Under Executive Order No. 17 signed by President Rodrigo Duterte, the Order of Lapu-Lapu had three ranks: Lapu-Lapu Medal, Kalasag Medal and Kampilan Medal. This was increased to four under Executive Order No. 35 as follows:

===Magalong Medal===
The Magalong Medal is awarded to officials and personnel of the government and private individuals who have rendered extraordinary service or have made exceptional contributions to the success of an activity pursuant to a campaign or advocacy of the President.

===Kalasag Medal===
The Kalasag Medal is awarded to officials and personnel of the government and private individuals who lost their lives as a direct result of their participation in an activity pursuant to a campaign or advocacy of the President.

===Kampilan Medal===
The Kampilan Medal is awarded to officials and personnel of the government and private individuals who were seriously wounded or injured or suffered great loss of property as a direct result of their participation in an activity pursuant to a campaign or advocacy of the President.

===Kamagi Medal===
The Kamagi Medal is awarded to officials and personnel of the government and private individuals who, not falling under any of the abovementioned ranks, actively participated in and contributed significantly to an activity pursuant to a campaign or advocacy of the President.

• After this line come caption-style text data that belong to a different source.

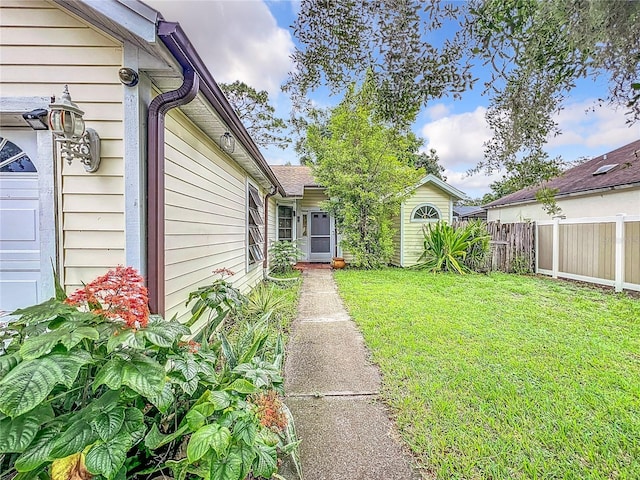 view of yard with a garage and fence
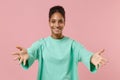 Smiling young african american woman girl in green sweatshirt posing isolated on pastel pink wall background. People Royalty Free Stock Photo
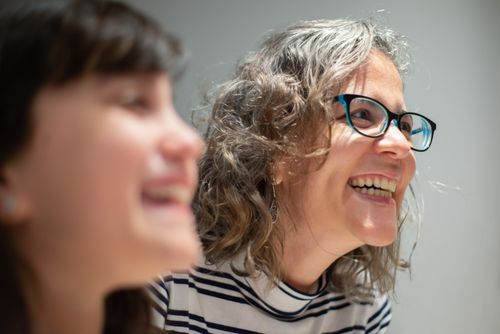 Free Close-up of two women sharing a joyful moment indoors, captured in Portugal. Stock Photo
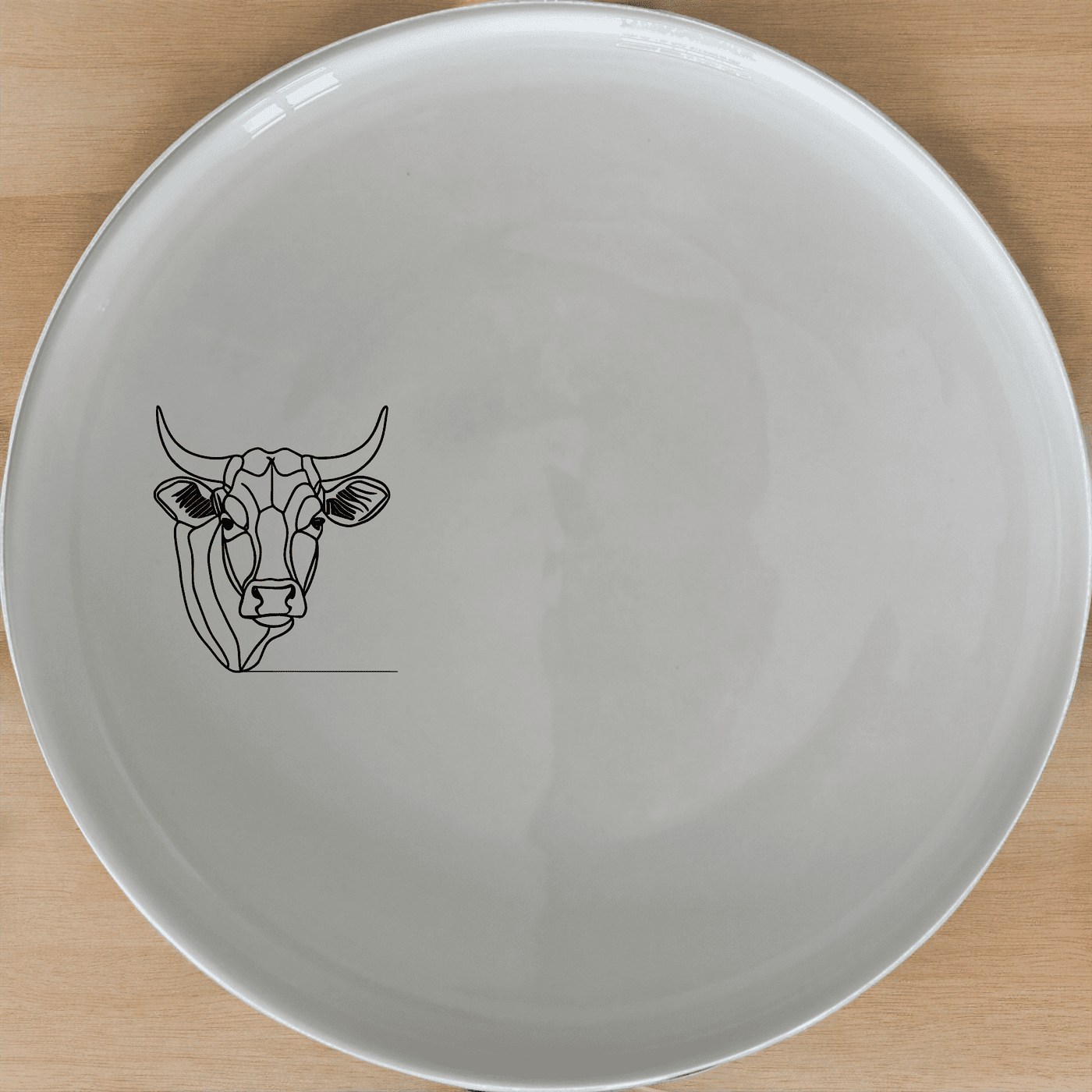 The Nguni Cattle Cow Head Side Plate Set of 4 features a striking silhouette of a Nguni cow head, perfect for adding a touch of African artistry to your dining table.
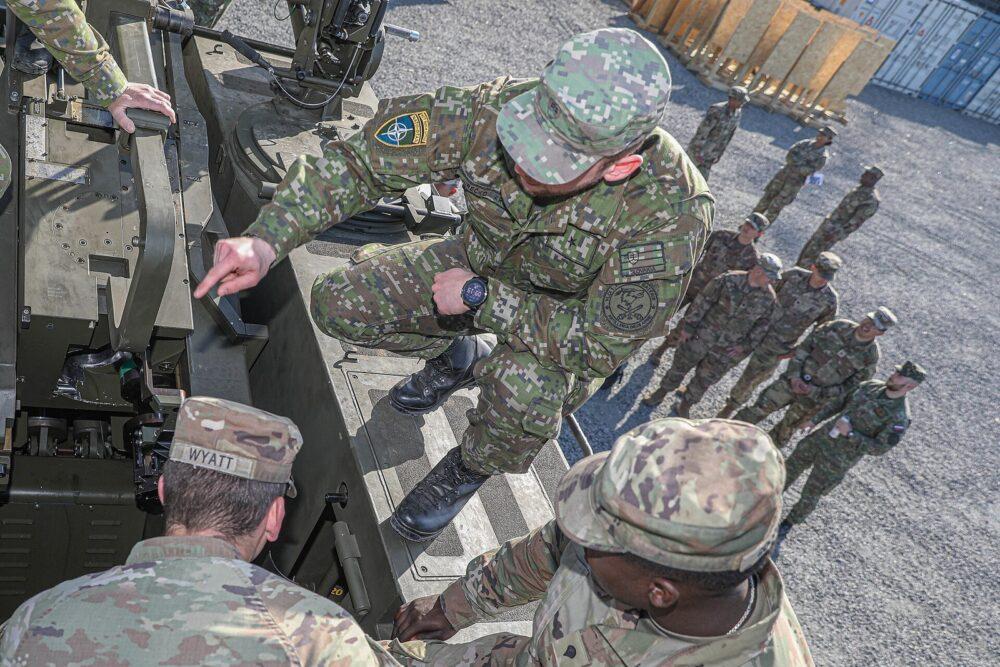 Slovak soldier in the blocky digital camouflage of the vz 2007 Les print crouched on the deck of a self-propelled artillery system and pointing down at its mechanism, watched by a group of U.S. soldiers in OCP uniforms.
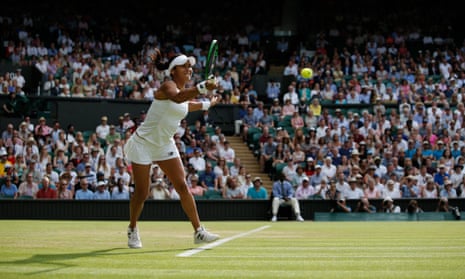 Heather Watson returns to Serena Williams but is struggling against her powerful serve.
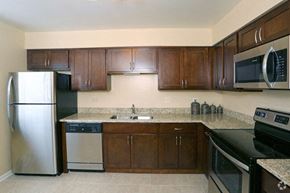 Glendale Heights apartment for rent - a kitchen with stainless steel appliances and wooden cabinets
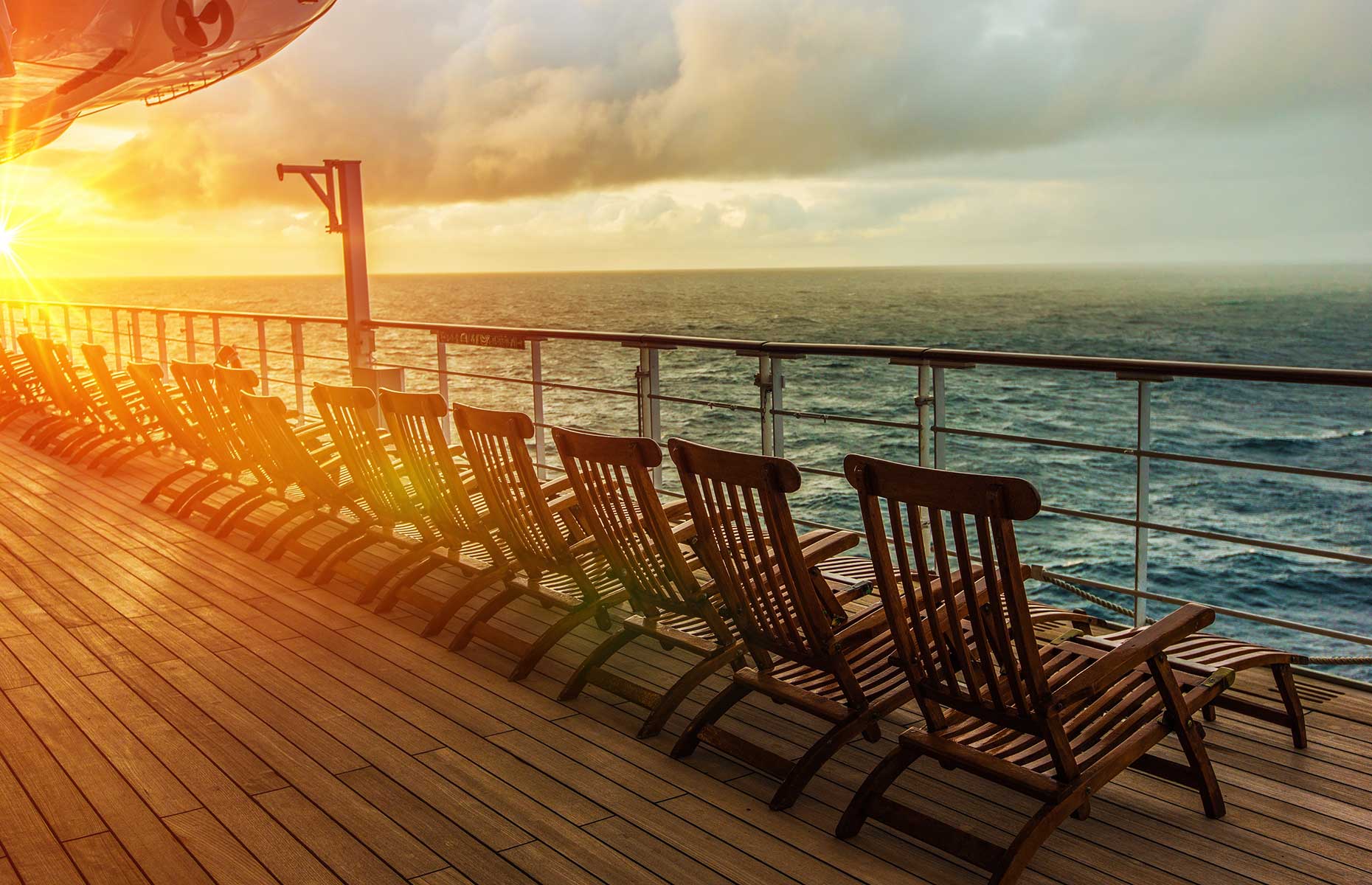 Generic shot of a cruise ship deck with wooden deck chairs facing the sea and the setting sun (Image:  By Virrage Images/Shutterstock))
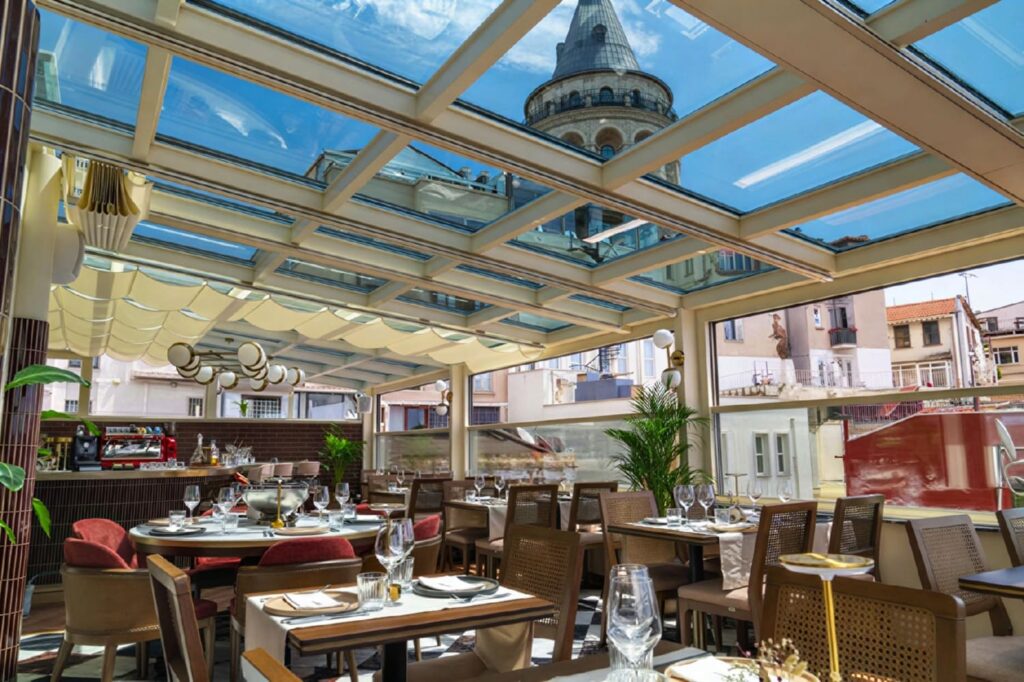 Glass panel skylight at Manifest Roof Restaurant with Galata Tower reflected and framed directly above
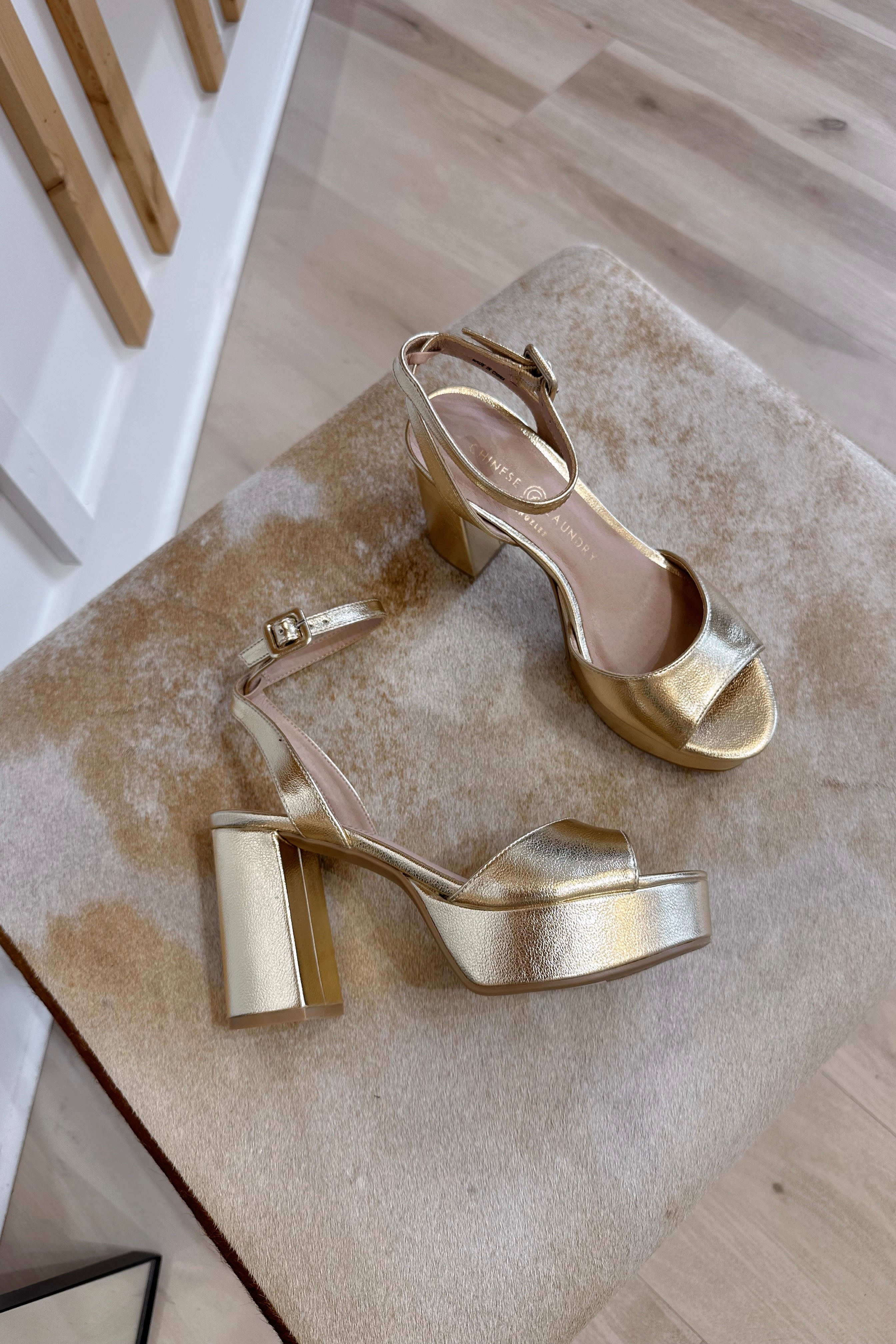 Close up detailed view of the Theresa Platform Heel in Metallic laying on a cow hide stool. The heel features gold metallic faux leather fabric, block heel, round toe, platform sole and adjustable strap.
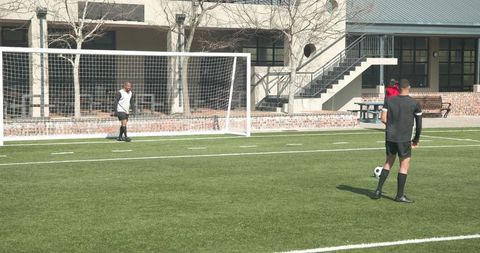 Soccer players practicing goal shots on school field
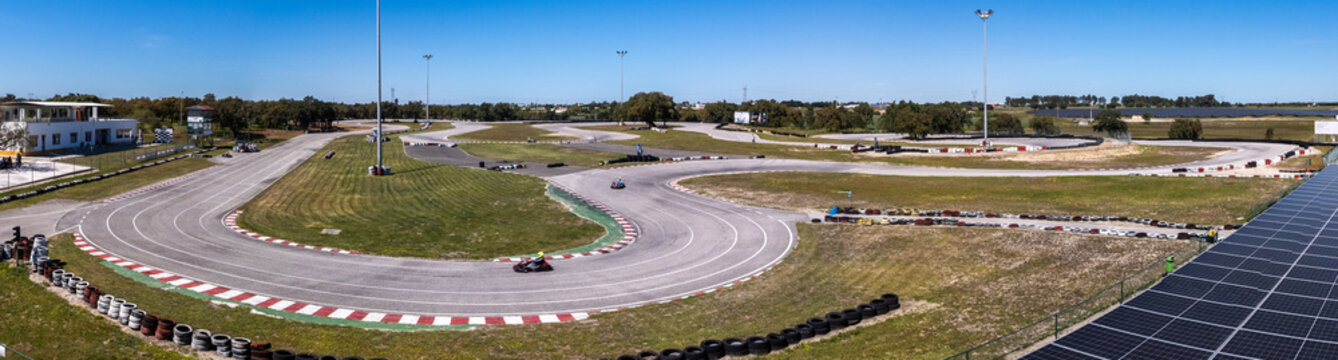 Palmela, Portugal - 01 April 2026: Aerial view of KIP - Kartodromo Internacional de Palmela with go-karts racing on the asphalt track, green grass areas, and solar panels under a clear blue sky.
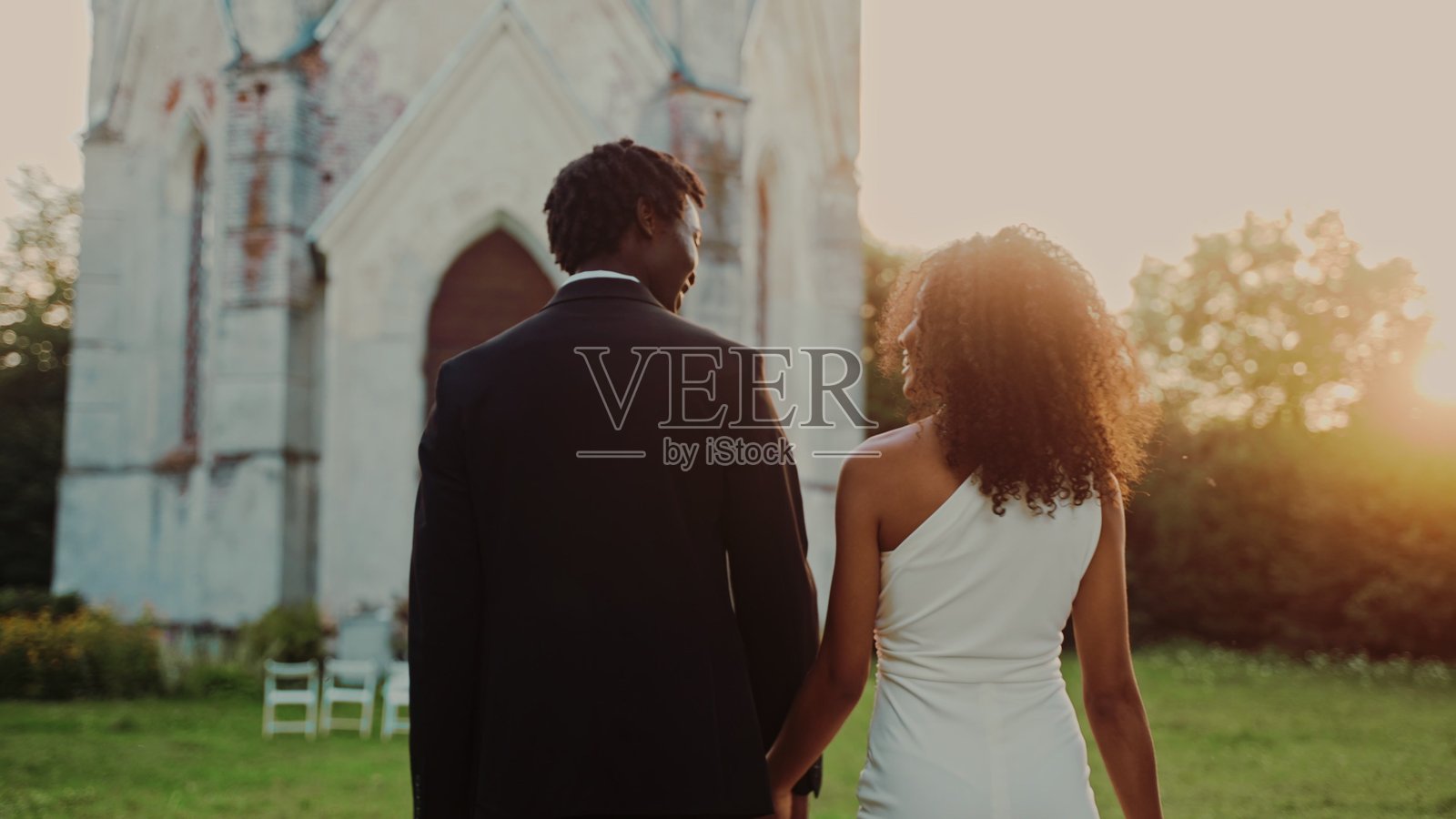 新人牵手走向落日照片摄影图片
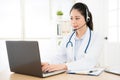 Female doctor through internet conversation Royalty Free Stock Photo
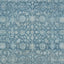 Intricate blue and white textile with vintage ornamental floral pattern.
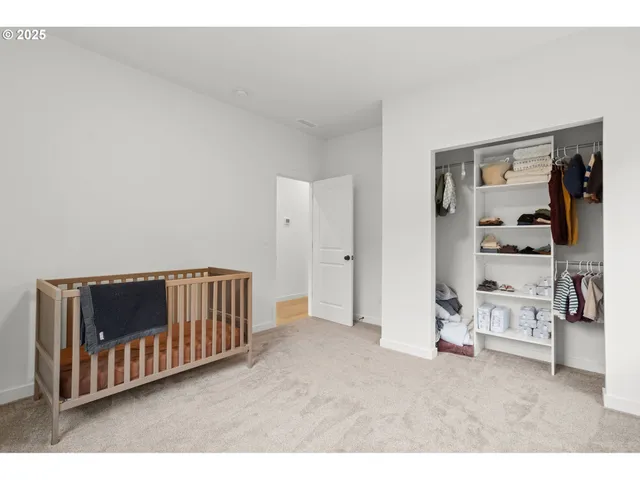 a view of a hallway with wooden floor and furniture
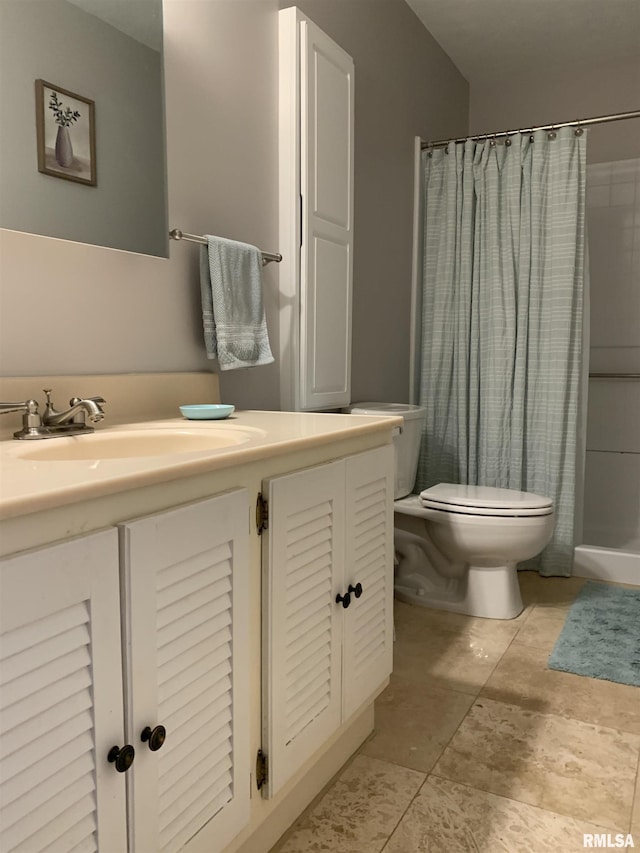 bathroom with tile patterned floors, toilet, vanity, and a shower with curtain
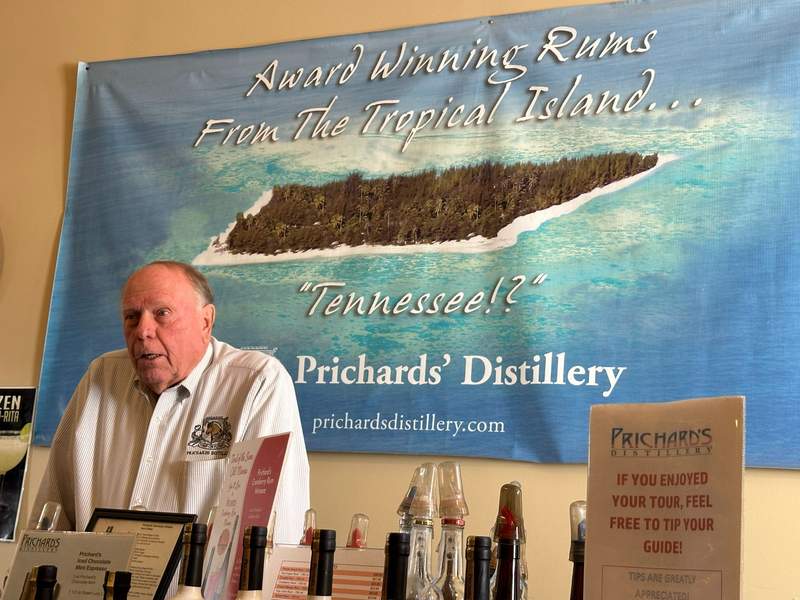 A man in a white shirt in front of a poster.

==Description of the award==
The medals of the Order of Lapu-Lapu are manufactured by the Bangko Sentral ng Pilipinas and are made of 99.9% silver with selective gold plating depending on the rank. The ribbon is made of Philippine cotton hand-woven by a cooperative foundation in Bontoc, Mountain Province.

==Recipients==
Among those who received the order were soldiers killed and injured in a June 2019 Sulu bombing incident; health workers who evacuated patients and newborn babies from the Philippine General Hospital amid a fire in the facility; a number of athletes who participated in the 31st Southeast Asian Games; 767 policemen who assisted in the 2017 Battle of Marawi; and 80 soldiers involved in the June 2024 clash with the Chinese Coast Guard in the West Philippine Sea. Businessman Jose Kho, a Chinese national, also received the order's Kamagi medal in 2017.